Weigel

Third Party Candidates and the Great B.S. Ballot Game

It happened earlier this month, but it’s worth noting: Gary Johnson won a nine-week legal war for the right to appear on Pennsylvania’s ballot. His Libertarians had put in more than enough signatures, more than 20,601, to keep Johnson on. (Major-party candidates only need 2,000 signatures.) His opponents were, mostly, Republicans. And those Republicans managed to clear one other candidate off the list:

The Constitution Party withdrew its presidential candidate, Virgil Goode, from the state ballot on Tuesday. The party submitted 35,000 signatures, but state law would have required them to cover the cost of legal fees if the Republicans had been able to successfully challenge enough of the signatures to bring them under the state threshold.

Jim Clymer, a lawyer and state treasurer for the Pennsylvania Constitution Party, said those fees could have easily exceeded $100,000.

This stuff matters. In 2000, Ralph Nader’s campaign got ballot access in Pennsylvania and won 103,392 votes. Four years later, John Kerry narrowly but decisively defeated George W. Bush in Pennsylvania, by 144,248 votes. Nader wasn’t on that ballot. Democrats successfully challenged his signatures and kept him off, part of a yearlong effort by state parties and the national Democrats that reduced Nader to a yowling protest candidate begging his opponents to “call off your dogs.”

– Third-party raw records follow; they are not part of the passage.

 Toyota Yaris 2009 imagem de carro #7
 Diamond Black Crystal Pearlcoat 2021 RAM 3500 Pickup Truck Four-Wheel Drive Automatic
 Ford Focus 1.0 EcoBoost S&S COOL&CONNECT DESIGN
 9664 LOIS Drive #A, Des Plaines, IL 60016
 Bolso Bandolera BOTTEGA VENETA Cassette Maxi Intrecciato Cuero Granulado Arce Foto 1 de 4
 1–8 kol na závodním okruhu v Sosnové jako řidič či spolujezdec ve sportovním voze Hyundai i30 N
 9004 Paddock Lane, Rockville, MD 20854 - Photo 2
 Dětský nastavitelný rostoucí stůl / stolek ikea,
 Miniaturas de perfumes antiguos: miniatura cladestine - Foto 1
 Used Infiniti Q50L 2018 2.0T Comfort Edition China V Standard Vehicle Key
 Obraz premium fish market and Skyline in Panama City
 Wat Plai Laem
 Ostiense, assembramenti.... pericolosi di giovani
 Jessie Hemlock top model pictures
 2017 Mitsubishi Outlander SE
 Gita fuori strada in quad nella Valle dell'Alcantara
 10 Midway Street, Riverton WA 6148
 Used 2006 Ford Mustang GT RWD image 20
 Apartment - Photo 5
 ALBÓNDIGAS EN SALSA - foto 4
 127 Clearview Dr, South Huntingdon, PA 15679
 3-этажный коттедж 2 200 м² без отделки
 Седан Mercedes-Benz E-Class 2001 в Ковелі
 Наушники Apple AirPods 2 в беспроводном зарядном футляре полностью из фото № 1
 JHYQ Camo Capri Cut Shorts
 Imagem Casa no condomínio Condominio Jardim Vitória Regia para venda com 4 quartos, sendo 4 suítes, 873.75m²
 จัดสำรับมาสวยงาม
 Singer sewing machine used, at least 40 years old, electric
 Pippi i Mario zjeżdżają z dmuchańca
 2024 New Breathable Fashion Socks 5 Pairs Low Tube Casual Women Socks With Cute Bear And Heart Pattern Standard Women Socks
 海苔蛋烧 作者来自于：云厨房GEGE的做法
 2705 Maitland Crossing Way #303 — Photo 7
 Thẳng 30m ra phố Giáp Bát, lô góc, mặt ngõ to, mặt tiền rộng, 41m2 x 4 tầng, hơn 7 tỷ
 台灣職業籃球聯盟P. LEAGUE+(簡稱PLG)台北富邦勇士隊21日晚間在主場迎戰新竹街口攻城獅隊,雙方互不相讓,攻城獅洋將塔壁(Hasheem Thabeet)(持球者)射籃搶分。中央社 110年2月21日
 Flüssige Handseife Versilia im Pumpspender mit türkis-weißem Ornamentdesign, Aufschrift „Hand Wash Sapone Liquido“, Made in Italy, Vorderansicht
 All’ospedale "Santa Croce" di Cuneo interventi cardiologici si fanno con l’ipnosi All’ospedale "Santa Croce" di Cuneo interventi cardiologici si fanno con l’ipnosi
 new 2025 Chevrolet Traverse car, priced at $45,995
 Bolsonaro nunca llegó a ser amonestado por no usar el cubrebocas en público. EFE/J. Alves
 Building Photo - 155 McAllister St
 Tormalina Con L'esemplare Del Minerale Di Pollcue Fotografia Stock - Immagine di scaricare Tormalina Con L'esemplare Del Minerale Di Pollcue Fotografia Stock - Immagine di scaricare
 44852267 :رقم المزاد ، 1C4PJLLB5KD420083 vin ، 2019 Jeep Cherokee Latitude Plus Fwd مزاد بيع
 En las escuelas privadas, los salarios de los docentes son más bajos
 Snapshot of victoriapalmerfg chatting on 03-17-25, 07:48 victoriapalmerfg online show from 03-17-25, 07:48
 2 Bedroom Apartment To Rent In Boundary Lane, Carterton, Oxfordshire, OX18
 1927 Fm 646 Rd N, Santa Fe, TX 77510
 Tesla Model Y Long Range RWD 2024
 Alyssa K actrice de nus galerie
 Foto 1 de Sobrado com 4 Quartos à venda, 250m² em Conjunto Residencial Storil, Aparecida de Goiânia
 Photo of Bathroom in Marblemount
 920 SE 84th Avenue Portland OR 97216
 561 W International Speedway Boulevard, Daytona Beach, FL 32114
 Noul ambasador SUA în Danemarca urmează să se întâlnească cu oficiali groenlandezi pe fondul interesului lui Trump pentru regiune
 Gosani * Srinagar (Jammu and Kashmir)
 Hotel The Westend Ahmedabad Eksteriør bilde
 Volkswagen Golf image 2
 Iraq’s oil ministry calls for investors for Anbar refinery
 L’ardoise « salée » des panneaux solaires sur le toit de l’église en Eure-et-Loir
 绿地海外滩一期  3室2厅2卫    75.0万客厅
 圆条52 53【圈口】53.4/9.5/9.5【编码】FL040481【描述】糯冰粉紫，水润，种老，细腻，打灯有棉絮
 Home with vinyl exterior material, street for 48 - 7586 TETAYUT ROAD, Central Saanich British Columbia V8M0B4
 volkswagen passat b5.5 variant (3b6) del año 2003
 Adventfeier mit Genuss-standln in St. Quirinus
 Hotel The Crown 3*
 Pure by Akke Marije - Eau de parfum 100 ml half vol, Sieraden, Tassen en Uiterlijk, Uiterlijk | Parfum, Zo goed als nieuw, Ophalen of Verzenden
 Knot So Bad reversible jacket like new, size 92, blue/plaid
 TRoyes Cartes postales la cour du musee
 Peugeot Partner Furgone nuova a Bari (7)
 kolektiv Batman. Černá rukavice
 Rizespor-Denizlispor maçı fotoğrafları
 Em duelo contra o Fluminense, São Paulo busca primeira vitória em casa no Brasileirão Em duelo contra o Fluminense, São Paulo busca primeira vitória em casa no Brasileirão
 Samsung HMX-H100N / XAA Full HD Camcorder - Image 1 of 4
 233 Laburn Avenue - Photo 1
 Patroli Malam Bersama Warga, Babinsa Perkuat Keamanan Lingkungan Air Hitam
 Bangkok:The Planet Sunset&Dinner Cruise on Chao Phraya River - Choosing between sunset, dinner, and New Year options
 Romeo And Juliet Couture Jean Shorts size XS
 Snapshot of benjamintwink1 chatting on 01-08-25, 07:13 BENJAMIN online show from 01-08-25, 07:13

Republicans learned the lesson insasmuch as they could. In 2006, when it was clear that Bob Casey would have a huge advantage in a two-candidate race, Rick Santorum directed supporters to aid Carl Romanelli, the Green Party’s U.S. Senate candidate. They did, and Romanelli appeared to make the ballot, but too many of his signatures were bogus, and ironically, too much of that new red-green money was used in ways that violated campaign finance law.

There’s no evidence that Democrats helped either the Johnson nor Goode campaigns in Pennsylvania. It wasn’t in their interest to; who knows where the drone-hating college student goes if he has a chance to back someone besides Obama? Democrats have largely ignored Jill Stein, the current Green candidate – I figure that’s because she’s 1) completely uninteresting as a spoiler and 2) challenging her ballot papers would queer the Democrats base-galvanizing message of registering voters. This stuff takes time and resources, and the threat of white liberal dilletentes voting for Greens isn’t as big as the threat of failing to register voters in Bucks County or Philadelphia.

But this sideshow is one of the best examples at how desparate the parties can get in swing states. And there’s no on-the-other-hand’ing about this. Some of the Republicans now embroiled in voter registration scandals cut their teeth on the campaigns to get signatures for candidates who could hurt Democrats.